La hacía sentir parte de algo más grande.
Pero ese día…
ese día se sentía distinta.
Más pesada.
Más consciente.
Más vulnerable.
Apretó suavemente los dedos de su mano izquierda, probando la movilidad. El vendaje en su hombro derecho estaba firme, bien colocado, pero no lograba engañar al cuerpo. Cada pequeño movimiento generaba una respuesta inmediata: una punzada, una advertencia.
No era incapacitante.
Pero estaba ahí.
Presente.
Recordándole, en cada segundo, que algo no estaba bien.
—Adriana.
La voz de su entrenador la sacó de ese breve trance.
—Es tu turno.
Ella asintió.
No habló.
No necesitaba hacerlo.
Respiró profundo.
Una vez.
Dos.
Y dio el primer paso hacia la luz.
El golpe del ruido fue inmediato.
El estadio la recibió con una mezcla de aplausos y expectación. No era una ovación cerrada, pero sí lo suficientemente fuerte como para dejar claro que todos sabían quién era.
Y probablemente…
también sabían lo ocurrido.
Las pantallas gigantes mostraron su rostro durante un segundo.
Adriana mantuvo la expresión firme.
Profesional.
Controlada.
Pero por dentro…
todo era distinto.
Cruzó la cancha con pasos medidos, sintiendo cada músculo de su cuerpo en alerta. El sol caía con fuerza sobre la superficie, reflejándose en el suelo azul del court, obligándola a entrecerrar levemente los ojos.

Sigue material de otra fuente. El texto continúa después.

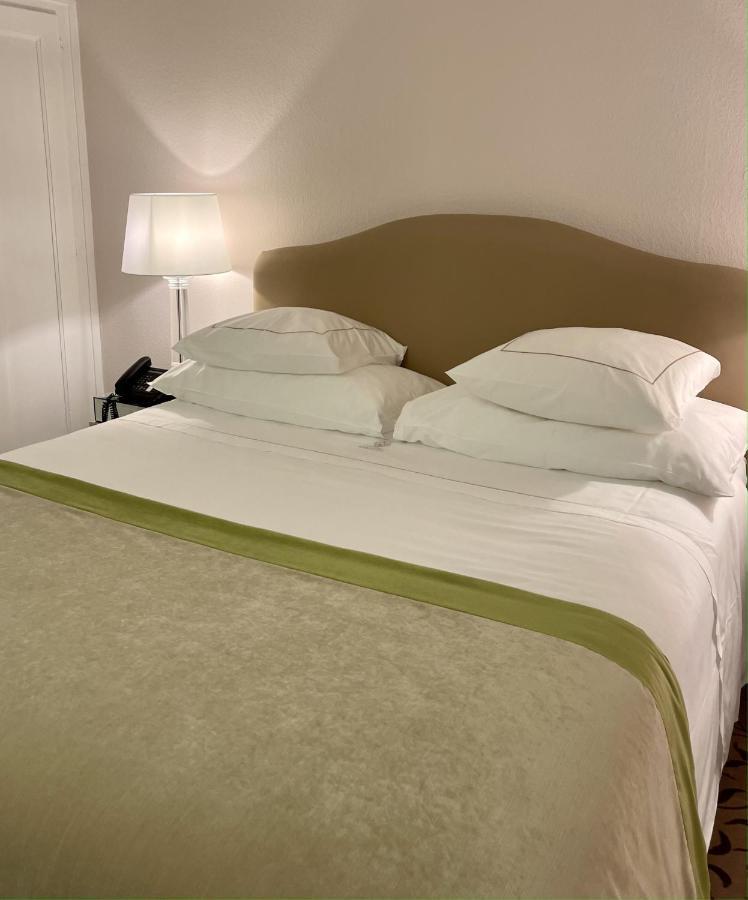 Hotel Adriatica Cenevre Dış mekan fotoğraf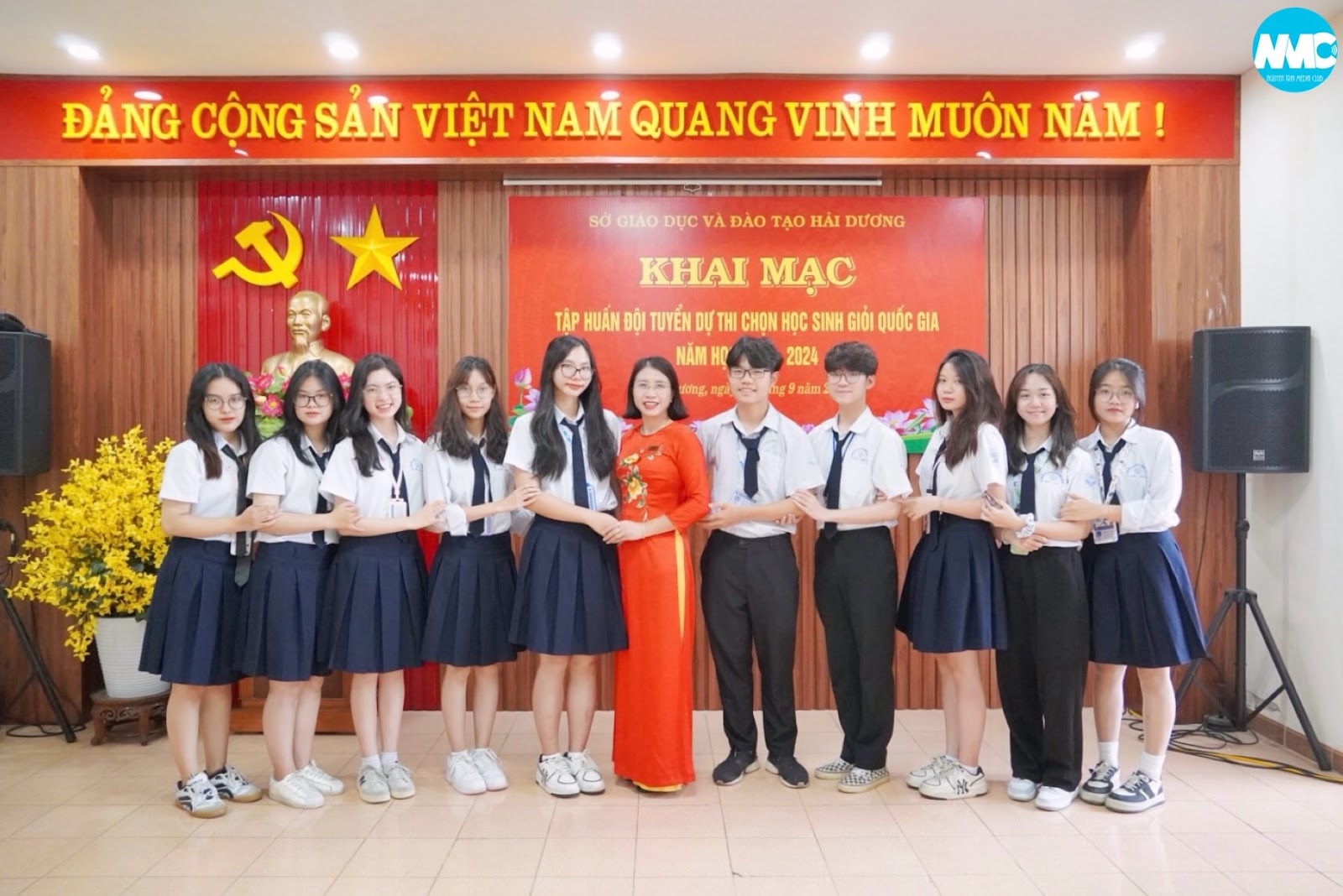 Nhấn để phóng to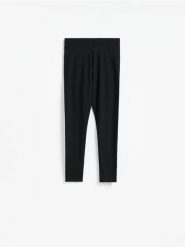 Legginsy z bawełną - czarny. Czarne legginsy damskie Reserved, l, bez wzorów, z bawełny. Za 39.99 zł.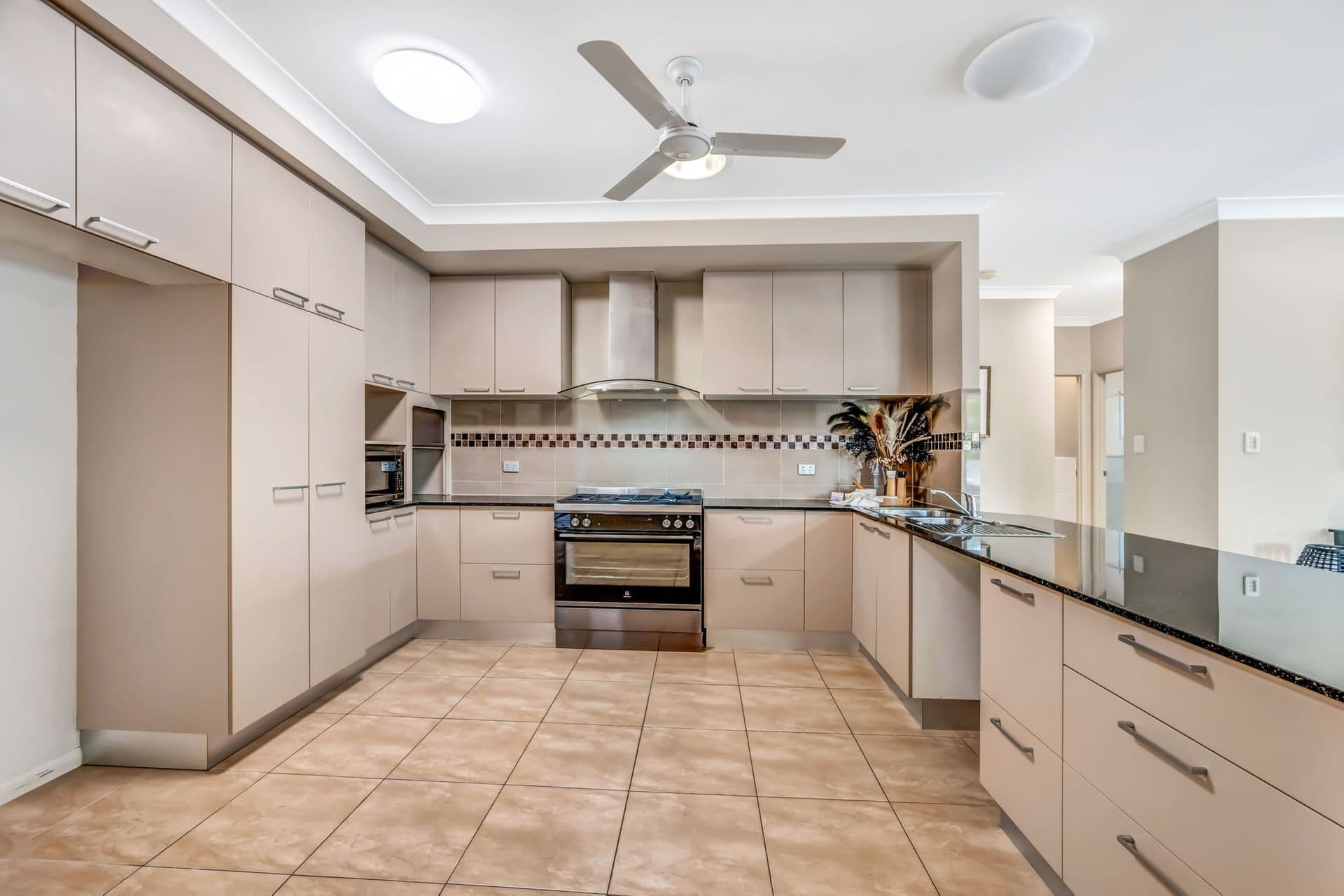 19-21 Biscayne Street, Burdell, QLD, 4818, Burdell - Thumbnail 8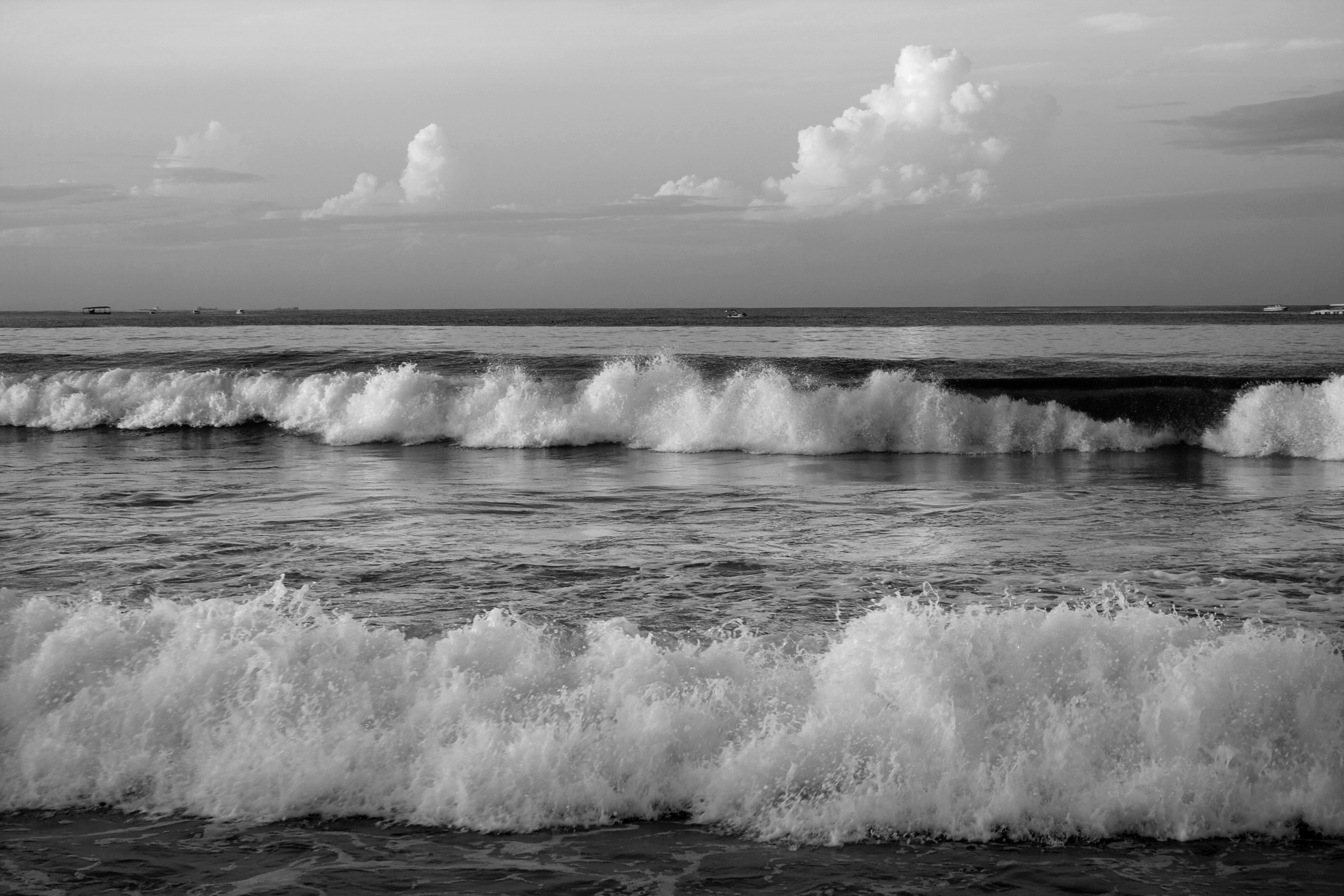 Papermoon Fototapete "Strand Schwarz & Weiß"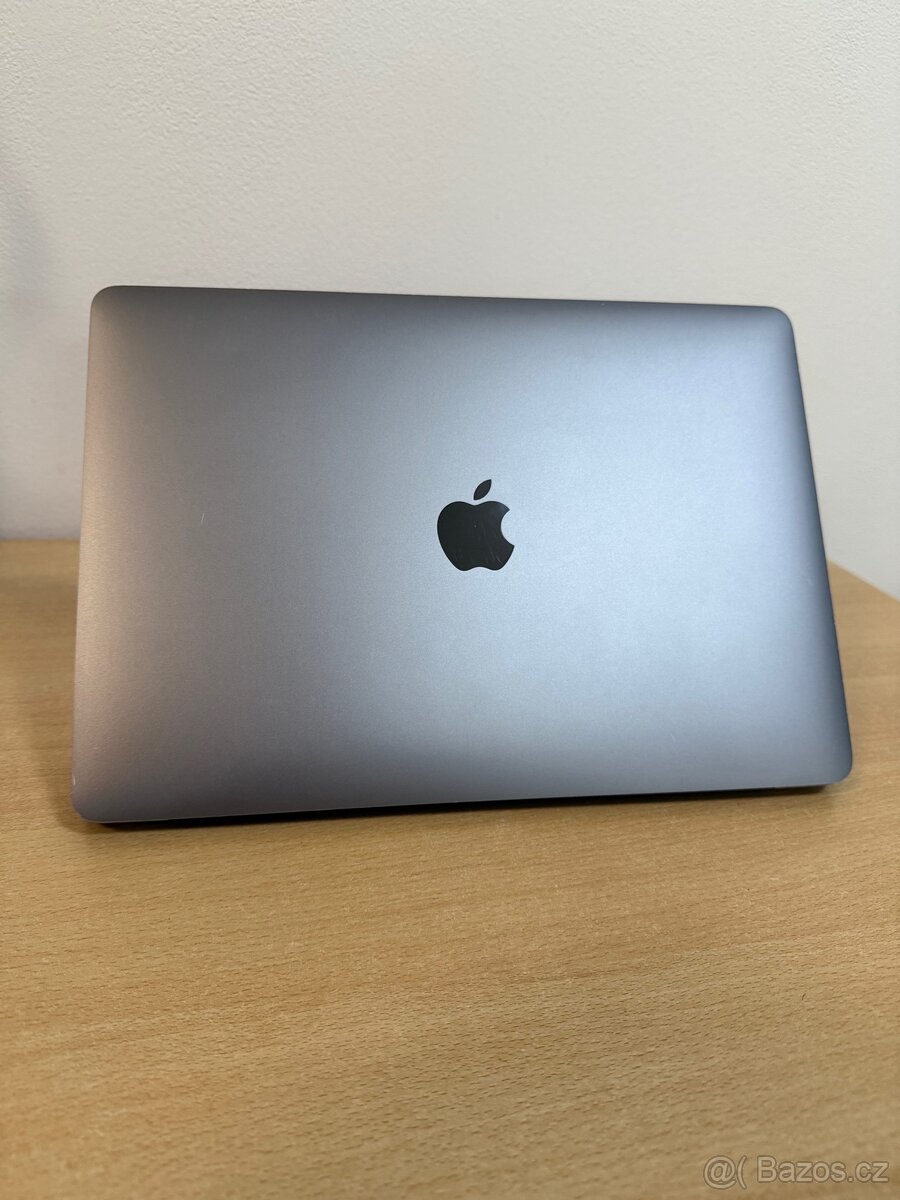 MacBook Pro 13”, M1, 256GB - Space Gray - 3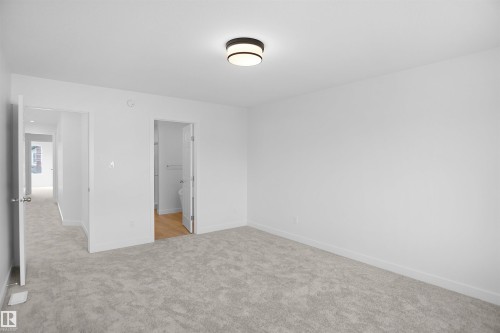 2603 15 Avenue, Edmonton, AB - Indoor Photo Showing Other Room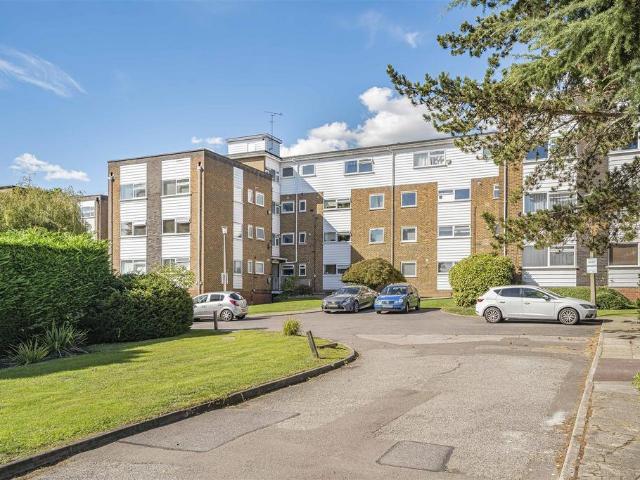 Flat for sale in Southgate, Greater London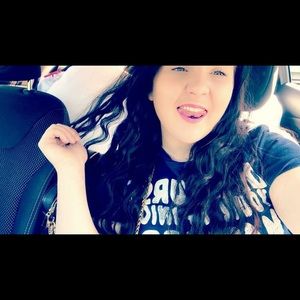 Meet your Posher, Desirae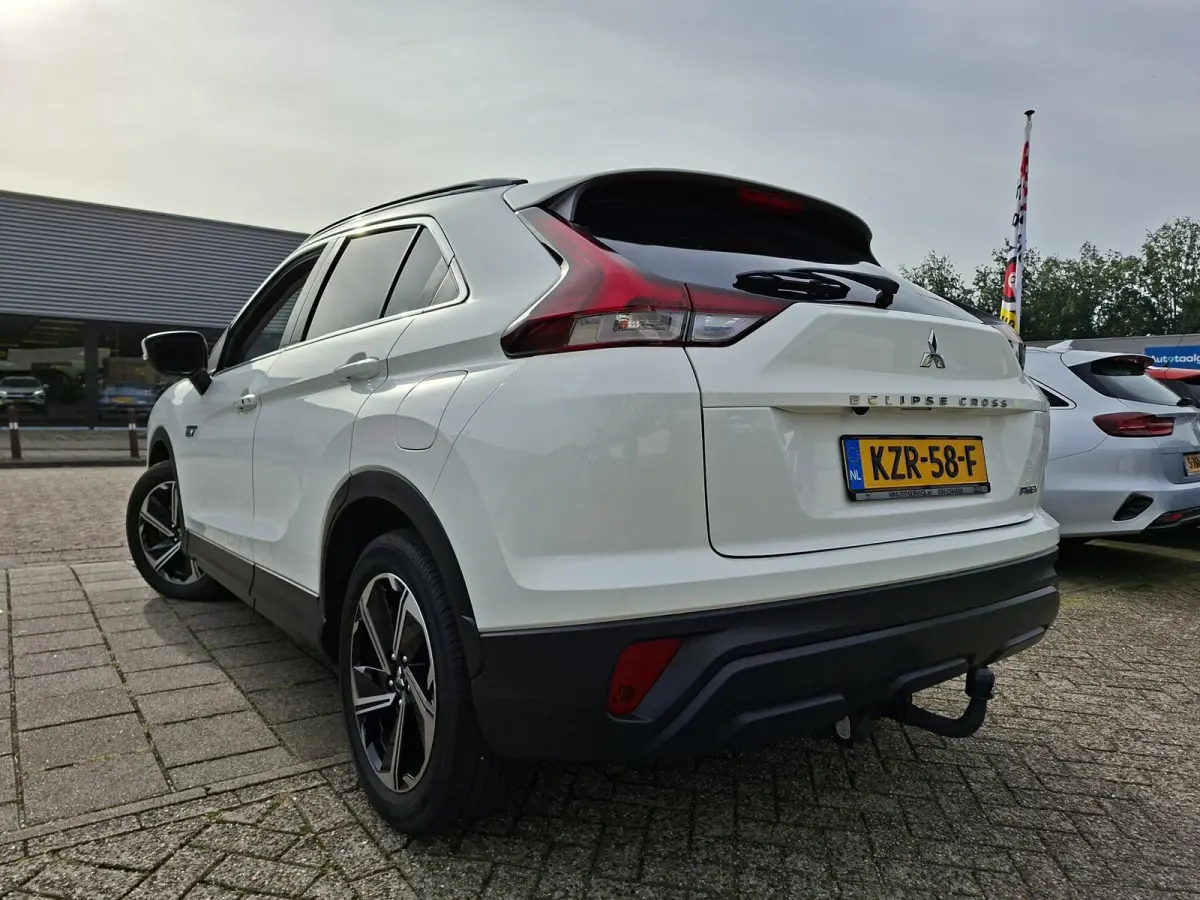 2.4 PHEV Intense 4WD SOH 100% Dealer Onderh. Fabrieksgar.tot 2030 Afn.Trekhaak Stoelverw. Carplay Cruise Control APK 10-2028 Rijklaar!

Su oponente ya estaba allí.
Preparada.
Observándola.
Analizándola.
Como debía ser.
Pero Adriana sabía que esa no era la única mirada sobre ella.
Buscó.
Sin querer hacerlo evidente.
Y lo encontró.
Lucas.
En las gradas.
No en primera fila.
No expuesto.
Pero presente.
Sus miradas se cruzaron apenas un segundo.
Suficiente.
No hubo gesto.
No hubo sonrisa.
Pero hubo algo.
Un entendimiento silencioso.
Un ancla.
Adriana apartó la vista.
No podía permitirse más.
No ahí.
No ahora.
El primer saque fue suyo.
Botó la pelota una vez.
Dos.
Tres.
El sonido contra el suelo marcó el ritmo de su respiración.
Lanzó.
Golpeó.
El impacto fue limpio.
Pero el hombro reaccionó.
Un dolor breve.
Controlable.
Por ahora.
El punto comenzó.
Intercambio corto.
Tres golpes.
Cuatro.
Error de la rival.
Primer punto.
El público aplaudió.
Adriana no reaccionó.
Caminó hacia la línea de fondo.
Volvió a botar la pelota.
Pero esta vez…
su mente no estaba completamente ahí.
Había algo más.
Una sensación.
Difusa.
Inquietante.
Como si alguien la estuviera observando de forma distinta al resto.
Levantó la vista.
Recorrió las gradas.
Rápido.
Discreto.
Y entonces—
Lo vio.
Mateo.
De pie.
Más arriba.
Sin sentarse.
Sin disimular.
Mirándola fijamente.
El estómago de Adriana se contrajo.
No por sorpresa.
Sino por confirmación.
Ahí estaba.
Observando.
Esperando.
Como si ese partido también fuera suyo.
Como si tuviera algo en juego.
Algo que iba más allá del marcador.
Adriana desvió la mirada.
Se posicionó para el siguiente saque.
Pero su cuerpo ya no estaba igual.
La tensión había cambiado.
Se había transformado en algo más profundo.
Más peligroso.
El segundo game fue más largo.
Más exigente.
Intercambios prolongados.
Movimientos laterales.
Y con cada desplazamiento…
el hombro respondía.
No fallaba.
Pero avisaba.
Como una cuenta regresiva silenciosa.
15-30.
Adriana respiró profundo.
Se preparó.
La pelota volvió a su lado.
Golpeó de derecha.
Forzó el punto.
Ganó.
15-40.
El público reaccionó.
Más involucrado ahora.
Más presente.
Pero Adriana apenas lo escuchaba.
Su atención se había fragmentado.
Una parte en la cancha.
Otra…
en la grada.
Volvió a mirar.
Mateo no se había movido.
Seguía ahí.
Observándola.
Sin expresión.
Sin emoción visible.
Pero con una intensidad que no encajaba con nada de lo que estaba pasando.
Y entonces…
algo más.
Un movimiento.
A su derecha.
Cerca del banco técnico.
Un hombre que no pertenecía al equipo.
Que no estaba uniformado.
Que no miraba el partido.
Sino…
a ella.
Solo un segundo.
Pero suficiente.
Adriana sintió un escalofrío.
Golpeó la pelota siguiente con más fuerza de la necesaria.
Se fue larga.
Error.
30-40.
Su respiración se desordenó.
—Concéntrate —se dijo en voz baja.
Pero no era tan simple.
No después de la noche anterior.
No después del sabotaje.
No después de lo que ahora parecía…
continuar.
El siguiente punto fue largo.
Intenso.
El tipo de rally que normalmente la hacía sentir viva.
Pero esta vez…
cada golpe era una prueba.
Cada desplazamiento, un riesgo.
El hombro empezó a resentirse más.
El dolor subió un nivel.
No la detenía.
Pero ya no podía ignorarlo.
La pelota vino alta.
Se preparó para el remate.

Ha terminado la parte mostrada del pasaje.